# EXERCISE REQUIREMENTS:
In exact form, please repeat the records from their opening line down to the line with "Roving Volunteer Group - Ail Meadows", including that line.

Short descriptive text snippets
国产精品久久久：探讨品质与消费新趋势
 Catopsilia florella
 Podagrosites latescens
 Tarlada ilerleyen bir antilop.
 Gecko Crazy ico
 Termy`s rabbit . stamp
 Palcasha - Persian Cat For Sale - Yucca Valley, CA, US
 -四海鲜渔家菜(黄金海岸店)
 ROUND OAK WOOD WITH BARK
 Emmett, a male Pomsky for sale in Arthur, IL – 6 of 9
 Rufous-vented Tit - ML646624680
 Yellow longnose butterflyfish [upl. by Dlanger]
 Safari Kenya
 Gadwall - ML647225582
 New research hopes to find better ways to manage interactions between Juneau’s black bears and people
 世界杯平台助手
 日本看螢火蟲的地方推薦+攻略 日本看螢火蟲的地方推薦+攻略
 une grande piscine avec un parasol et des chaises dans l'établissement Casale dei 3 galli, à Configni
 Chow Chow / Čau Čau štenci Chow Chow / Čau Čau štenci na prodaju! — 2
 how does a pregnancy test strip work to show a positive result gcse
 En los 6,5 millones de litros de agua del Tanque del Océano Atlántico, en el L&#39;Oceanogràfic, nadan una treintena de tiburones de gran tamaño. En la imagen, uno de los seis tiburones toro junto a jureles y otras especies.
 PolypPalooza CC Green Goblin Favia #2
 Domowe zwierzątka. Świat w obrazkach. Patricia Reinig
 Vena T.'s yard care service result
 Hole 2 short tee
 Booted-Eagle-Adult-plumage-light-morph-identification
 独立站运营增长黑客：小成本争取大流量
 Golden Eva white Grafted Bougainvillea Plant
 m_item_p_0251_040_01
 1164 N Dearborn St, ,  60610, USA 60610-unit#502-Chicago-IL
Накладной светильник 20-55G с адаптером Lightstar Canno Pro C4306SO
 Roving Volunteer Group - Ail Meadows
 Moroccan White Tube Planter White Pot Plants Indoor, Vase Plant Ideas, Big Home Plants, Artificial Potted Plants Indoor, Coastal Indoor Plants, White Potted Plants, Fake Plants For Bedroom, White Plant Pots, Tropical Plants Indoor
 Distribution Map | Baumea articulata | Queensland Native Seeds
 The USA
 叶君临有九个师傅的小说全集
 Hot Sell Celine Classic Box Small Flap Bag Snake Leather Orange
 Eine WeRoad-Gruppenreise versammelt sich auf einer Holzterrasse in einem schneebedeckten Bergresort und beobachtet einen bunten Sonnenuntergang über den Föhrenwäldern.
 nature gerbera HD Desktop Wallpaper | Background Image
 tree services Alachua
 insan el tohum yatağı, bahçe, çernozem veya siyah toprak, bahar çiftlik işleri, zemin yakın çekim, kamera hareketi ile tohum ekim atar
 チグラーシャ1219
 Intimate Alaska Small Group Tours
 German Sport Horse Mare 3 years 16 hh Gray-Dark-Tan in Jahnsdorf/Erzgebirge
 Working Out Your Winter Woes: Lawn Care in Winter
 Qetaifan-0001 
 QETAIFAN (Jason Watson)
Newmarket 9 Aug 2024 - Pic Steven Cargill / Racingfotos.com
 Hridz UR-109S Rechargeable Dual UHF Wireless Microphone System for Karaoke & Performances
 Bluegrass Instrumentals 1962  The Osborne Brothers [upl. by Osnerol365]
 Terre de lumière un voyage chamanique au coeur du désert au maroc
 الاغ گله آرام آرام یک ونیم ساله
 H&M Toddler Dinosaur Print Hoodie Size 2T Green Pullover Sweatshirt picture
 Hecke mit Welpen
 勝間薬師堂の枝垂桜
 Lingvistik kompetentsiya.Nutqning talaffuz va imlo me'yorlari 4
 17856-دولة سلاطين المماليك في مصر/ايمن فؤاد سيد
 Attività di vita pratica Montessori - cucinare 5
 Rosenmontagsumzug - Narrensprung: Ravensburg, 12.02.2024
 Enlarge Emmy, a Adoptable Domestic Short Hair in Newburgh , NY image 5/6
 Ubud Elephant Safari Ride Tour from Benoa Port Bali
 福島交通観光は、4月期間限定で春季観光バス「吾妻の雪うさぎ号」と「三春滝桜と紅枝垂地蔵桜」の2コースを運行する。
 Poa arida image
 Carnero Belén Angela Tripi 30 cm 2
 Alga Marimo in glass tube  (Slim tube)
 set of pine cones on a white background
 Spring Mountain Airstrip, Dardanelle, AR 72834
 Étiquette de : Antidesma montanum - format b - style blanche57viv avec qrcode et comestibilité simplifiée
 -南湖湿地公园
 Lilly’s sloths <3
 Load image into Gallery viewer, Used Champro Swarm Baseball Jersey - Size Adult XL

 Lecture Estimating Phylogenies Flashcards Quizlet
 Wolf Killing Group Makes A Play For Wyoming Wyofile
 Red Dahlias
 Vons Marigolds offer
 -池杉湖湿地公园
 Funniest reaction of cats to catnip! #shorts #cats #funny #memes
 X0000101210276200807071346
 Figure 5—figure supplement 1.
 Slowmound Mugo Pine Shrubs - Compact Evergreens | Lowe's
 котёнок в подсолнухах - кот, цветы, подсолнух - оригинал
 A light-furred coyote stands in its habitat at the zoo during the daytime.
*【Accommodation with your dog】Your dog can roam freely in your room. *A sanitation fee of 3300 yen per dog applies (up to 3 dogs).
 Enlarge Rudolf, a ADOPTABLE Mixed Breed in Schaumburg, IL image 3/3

# WRITTEN REPLY:
国产精品久久久：探讨品质与消费新趋势
 Catopsilia florella
 Podagrosites latescens
 Tarlada ilerleyen bir antilop.
 Gecko Crazy ico
 Termy`s rabbit . stamp
 Palcasha - Persian Cat For Sale - Yucca Valley, CA, US
 -四海鲜渔家菜(黄金海岸店)
 ROUND OAK WOOD WITH BARK
 Emmett, a male Pomsky for sale in Arthur, IL – 6 of 9
 Rufous-vented Tit - ML646624680
 Yellow longnose butterflyfish [upl. by Dlanger]
 Safari Kenya
 Gadwall - ML647225582
 New research hopes to find better ways to manage interactions between Juneau’s black bears and people
 世界杯平台助手
 日本看螢火蟲的地方推薦+攻略 日本看螢火蟲的地方推薦+攻略
 une grande piscine avec un parasol et des chaises dans l'établissement Casale dei 3 galli, à Configni
 Chow Chow / Čau Čau štenci Chow Chow / Čau Čau štenci na prodaju! — 2
 how does a pregnancy test strip work to show a positive result gcse
 En los 6,5 millones de litros de agua del Tanque del Océano Atlántico, en el L&#39;Oceanogràfic, nadan una treintena de tiburones de gran tamaño. En la imagen, uno de los seis tiburones toro junto a jureles y otras especies.
 PolypPalooza CC Green Goblin Favia #2
 Domowe zwierzątka. Świat w obrazkach. Patricia Reinig
 Vena T.'s yard care service result
 Hole 2 short tee
 Booted-Eagle-Adult-plumage-light-morph-identification
 独立站运营增长黑客：小成本争取大流量
 Golden Eva white Grafted Bougainvillea Plant
 m_item_p_0251_040_01
 1164 N Dearborn St, ,  60610, USA 60610-unit#502-Chicago-IL
Накладной светильник 20-55G с адаптером Lightstar Canno Pro C4306SO
 Roving Volunteer Group - Ail Meadows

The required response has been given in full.